Il a évoqué la nécessité de règles européennes favorisant les producteurs européens lorsque certains fruits ou légumes sont de saison, même si des importations moins chères pourraient provenir de l'étranger.

"Cela pourrait être moins cher à court terme, mais cela a un impact environnemental énorme, non seulement à cause du transport sur de longues distances et du gaspillage alimentaire pendant le transport, mais aussi du gaspillage de produits européens qui ne seraient pas récoltés », a déclaré Urcolo.

Il a ajouté que les accords commerciaux devraient également tenir compte des interdictions de l'UE sur certains types de produits phytosanitaires, arguant que s'ils ne sont pas autorisés dans l'Union, les exportateurs vers l'Europe devraient également se voir interdire de les utiliser.

"Les décisions centrées sur le climat doivent être alignées sur les décisions centrées sur la monnaie, car les effets négatifs du changement climatique auront inévitablement un impact sur le monde financier également », a-t-il déclaré.

Urcolo a cité l'huile d'olive comme un excellent exemple. Après mauvaises récoltes consécutives Alimentés par des conditions météorologiques extrêmes et une sécheresse persistante dans le bassin méditerranéen, les prix de l'huile d'olive ont atteint des niveaux historiquement élevés. Bien qu'il s'agisse en partie d'un comportement naturel du marché, Urcolo a averti que la spéculation se produisait de plus en plus.
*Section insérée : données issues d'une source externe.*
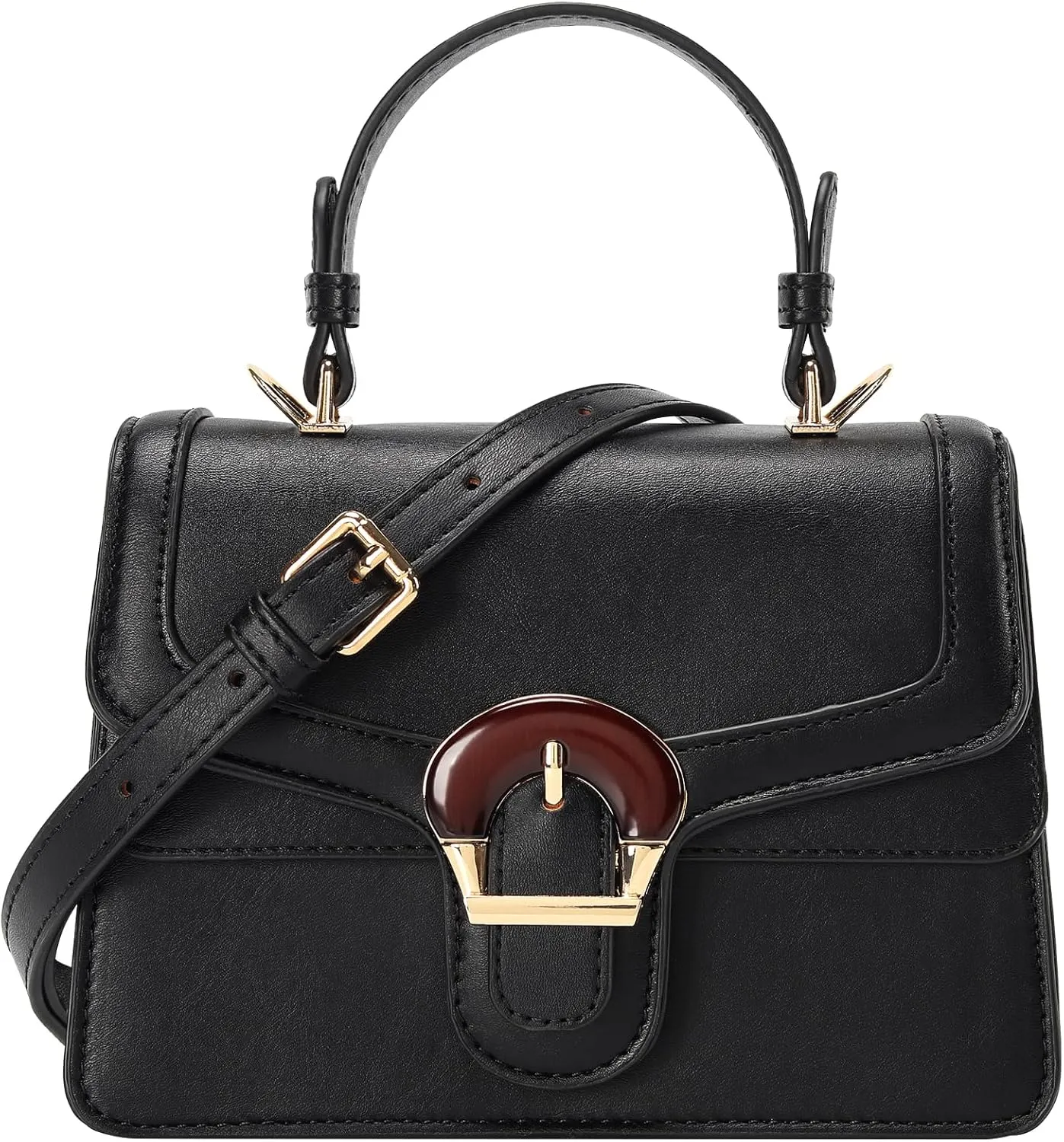 Crossbody Bags for Women Small Cross Body Purse Shoulder Bag Top Handle Handbags Leather Satchel Bags for Women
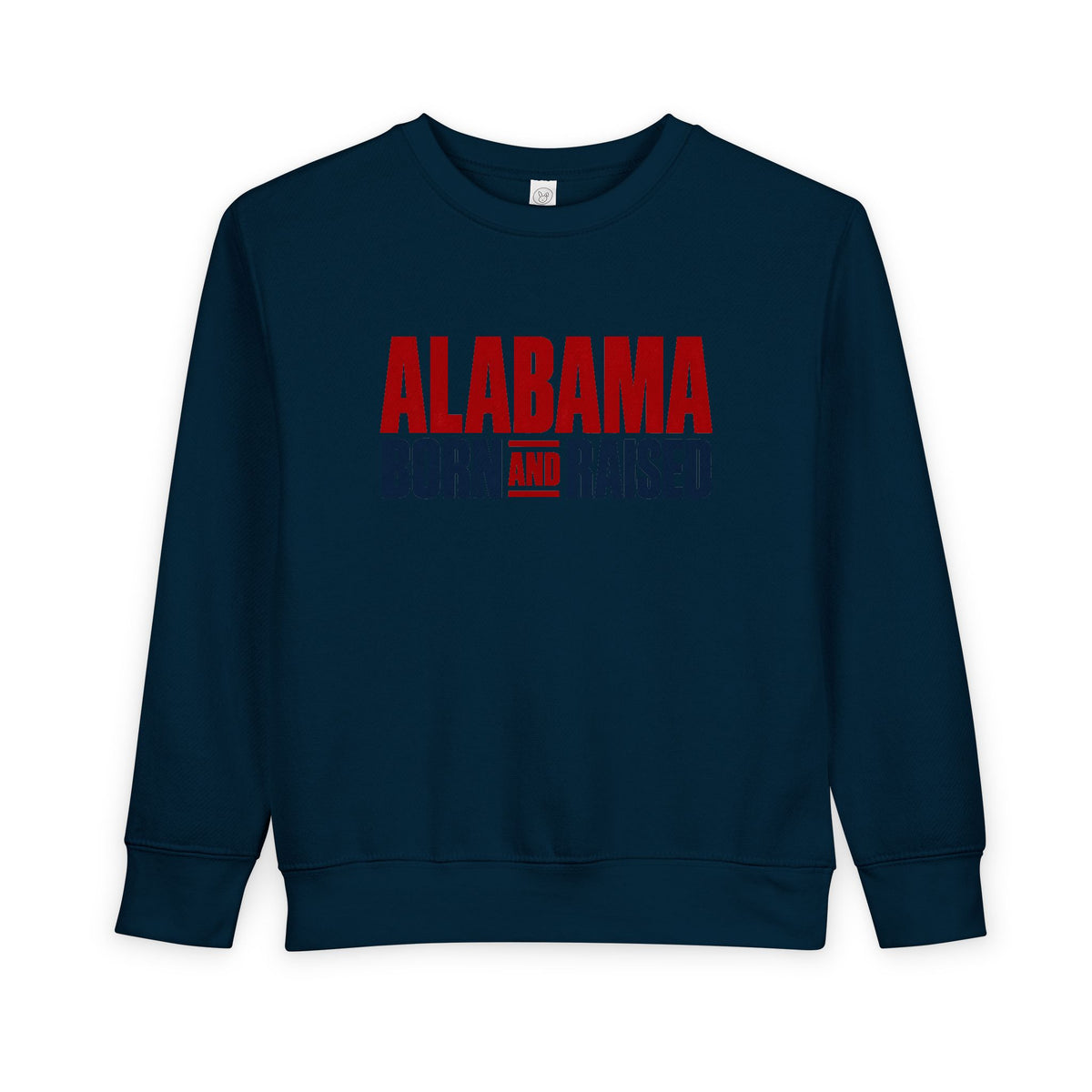 Alabama Born and Raised Minimal Heritage Unisex Toddler Sweatshirt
"La production d'huile d'olive a été confrontée à des défis difficiles ces dernières années », a-t-il déclaré. "Chez CrowdFarming, avec nos agriculteurs, nous avons dû nous adapter à la situation actuelle, dans laquelle la production d'huile d'olive était fortement réduite et les prix du marché montaient en flèche. L’industrie a commencé à devenir de plus en plus spéculative, perdant une partie de sa véritable valeur.